The Bank of Canada has announced another policy rate cut of 25 basis points, bringing the rate down to 4.25%. This marks the third rate cut of the year and offers potential relief for Canadians with variable-rate loans, including mortgages.
What’s Next?
Following the Bank of Canada’s decision, lenders typically take a few days to adjust their prime rates. We expect the prime rate, which influences variable-rate mortgages and other loans, to soon decrease to around 6.45% at most major financial institutions. TD Bank, known for slightly higher prime mortgage rates, could lower it to approximately 6.60%.
How Does This Impact You?
Here’s what this change could mean for you, depending on your loan type:
Fixed-Payment Variable-Rate Mortgages: If you have this type of mortgage, the interest portion of your payment will decrease, while your total monthly payment should remain the same. Over time, more of your payment will go towards the principal.
Adjustable-Rate Mortgages: If your mortgage payments fluctuate with changes in the prime rate, you’ll notice a slight reduction in your next payment.
Fixed-Rate Mortgages: This rate cut won’t impact those with fixed-rate mortgages until it’s time to renew, but it may signal lower rates in the future.
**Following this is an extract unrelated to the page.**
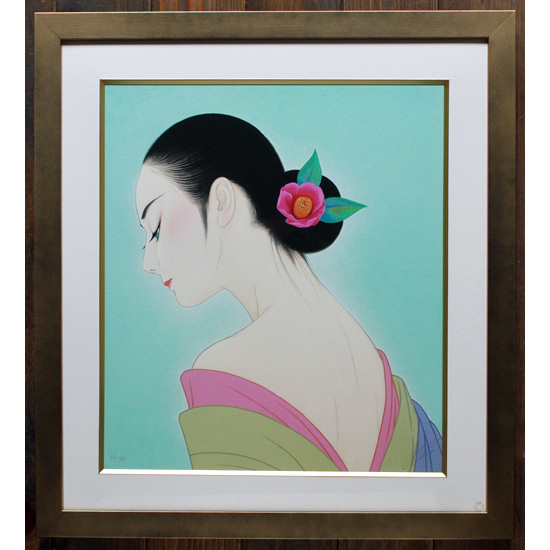鶴田一郎「椿日和」ジークレー版画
Other Prime-Linked Loans: Personal loans or lines of credit tied to the prime rate will likely see reduced interest charges or smaller monthly payments.
The Bigger Picture
For homeowners and borrowers, this is positive news. As the prime rate decreases, it helps ease the financial burden on those with variable or adjustable-rate loans. In the coming days, we expect to see banks respond by adjusting their lending rates accordingly.